July 22 (Bloomberg) -- Kumba Iron Ore Ltd. said market demand for the steelmaking ingredient will absorb growing supply from the largest producers as the highest-cost output in China becomes unprofitable.
“The majors will continue to increase their production, but now at a much slower pace than the 25 percent we’ve seen in the first half,” Norman Mbazima, chief executive officer of the Anglo American Plc unit that owns Africa’s biggest iron-ore mine, said today. The market will be able to absorb increased production by limiting domestic supply from China, he said.
The economy of China, the biggest buyer of the material, expanded 7.5 percent in the second quarter, exceeding the median estimate. The largest iron-ore producers, including Rio Tinto Group, are expanding supply, betting the increase will more than offset declining prices, which fell to an almost two-year low last month. Kumba plans to almost double output by 2030, with new sites in western and central Africa potentially accounting for more than 20 percent of volumes.

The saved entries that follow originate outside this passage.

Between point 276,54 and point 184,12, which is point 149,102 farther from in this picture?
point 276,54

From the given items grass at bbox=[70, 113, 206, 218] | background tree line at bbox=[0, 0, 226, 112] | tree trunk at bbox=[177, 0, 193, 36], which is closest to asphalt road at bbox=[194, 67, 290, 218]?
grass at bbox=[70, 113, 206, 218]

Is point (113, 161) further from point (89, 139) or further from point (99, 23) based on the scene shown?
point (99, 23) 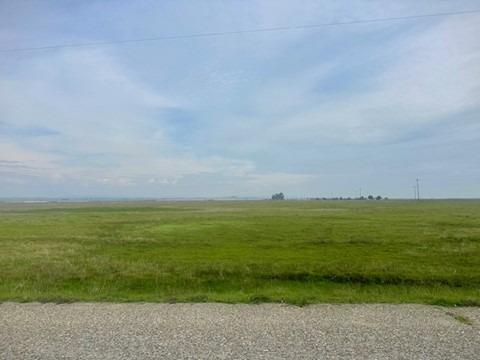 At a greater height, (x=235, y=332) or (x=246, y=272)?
(x=235, y=332)

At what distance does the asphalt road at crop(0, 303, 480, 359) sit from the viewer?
6.31 meters

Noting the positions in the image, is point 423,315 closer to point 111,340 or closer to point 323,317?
point 323,317

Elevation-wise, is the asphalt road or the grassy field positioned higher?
the asphalt road

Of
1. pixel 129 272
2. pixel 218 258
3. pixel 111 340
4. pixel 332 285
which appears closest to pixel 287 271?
pixel 332 285

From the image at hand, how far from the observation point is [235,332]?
23.8 ft

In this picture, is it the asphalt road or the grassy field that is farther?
the grassy field

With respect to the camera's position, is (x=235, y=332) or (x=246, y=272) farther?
(x=246, y=272)

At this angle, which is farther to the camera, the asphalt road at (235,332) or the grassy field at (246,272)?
the grassy field at (246,272)

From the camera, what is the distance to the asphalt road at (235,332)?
631cm

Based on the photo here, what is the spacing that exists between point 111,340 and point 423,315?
6995 millimetres

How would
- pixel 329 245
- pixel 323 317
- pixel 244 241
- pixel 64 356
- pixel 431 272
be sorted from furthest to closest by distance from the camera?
pixel 244 241 → pixel 329 245 → pixel 431 272 → pixel 323 317 → pixel 64 356

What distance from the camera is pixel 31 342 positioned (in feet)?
22.3

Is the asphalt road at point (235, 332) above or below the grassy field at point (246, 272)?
above

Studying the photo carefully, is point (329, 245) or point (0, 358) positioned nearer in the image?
point (0, 358) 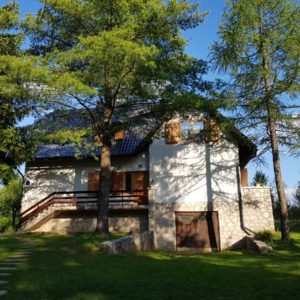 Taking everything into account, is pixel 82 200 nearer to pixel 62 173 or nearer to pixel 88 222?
pixel 88 222

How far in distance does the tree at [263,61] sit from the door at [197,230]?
15.2 feet

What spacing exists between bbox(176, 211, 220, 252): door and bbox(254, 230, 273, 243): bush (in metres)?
2.15

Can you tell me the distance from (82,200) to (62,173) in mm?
2137

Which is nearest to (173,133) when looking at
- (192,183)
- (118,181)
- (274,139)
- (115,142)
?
(192,183)

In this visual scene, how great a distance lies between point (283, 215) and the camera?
14.3 m

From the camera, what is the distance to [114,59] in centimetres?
1236

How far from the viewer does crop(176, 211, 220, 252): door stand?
18.5 m

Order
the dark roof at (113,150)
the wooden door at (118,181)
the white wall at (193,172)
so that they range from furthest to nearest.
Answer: the wooden door at (118,181) < the dark roof at (113,150) < the white wall at (193,172)

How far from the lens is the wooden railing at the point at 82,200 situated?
1911 cm

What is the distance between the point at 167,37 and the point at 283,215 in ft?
27.4

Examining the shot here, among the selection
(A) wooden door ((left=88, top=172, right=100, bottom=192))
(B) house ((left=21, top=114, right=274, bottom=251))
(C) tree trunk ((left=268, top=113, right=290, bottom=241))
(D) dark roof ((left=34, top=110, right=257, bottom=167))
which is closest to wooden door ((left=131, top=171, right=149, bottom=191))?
(B) house ((left=21, top=114, right=274, bottom=251))

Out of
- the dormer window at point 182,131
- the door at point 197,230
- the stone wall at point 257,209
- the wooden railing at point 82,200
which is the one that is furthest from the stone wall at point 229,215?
the dormer window at point 182,131

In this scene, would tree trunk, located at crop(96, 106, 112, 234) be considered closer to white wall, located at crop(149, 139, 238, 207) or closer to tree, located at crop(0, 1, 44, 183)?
tree, located at crop(0, 1, 44, 183)

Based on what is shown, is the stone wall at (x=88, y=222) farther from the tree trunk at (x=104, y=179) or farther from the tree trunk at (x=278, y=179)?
the tree trunk at (x=278, y=179)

The global seaborne supply of iron ore rose to 700 million metric tons during the period as Australia reported output growth of 25 percent and Brazil 8 percent, Kumba said. The average price of benchmark ore with 62 percent iron content delivered to the Chinese port of Tianjin in the first half of 2014 was $111.87 a dry ton, 18 percent lower than a year earlier.
“Iron-ore prices are expected to remain at current levels in the third quarter,” Pretoria-based Kumba said in a statement today. “Restocking by steel mills and a slowdown in Chinese domestic iron-ore production in their winter is expected to support prices towards the end of the year.”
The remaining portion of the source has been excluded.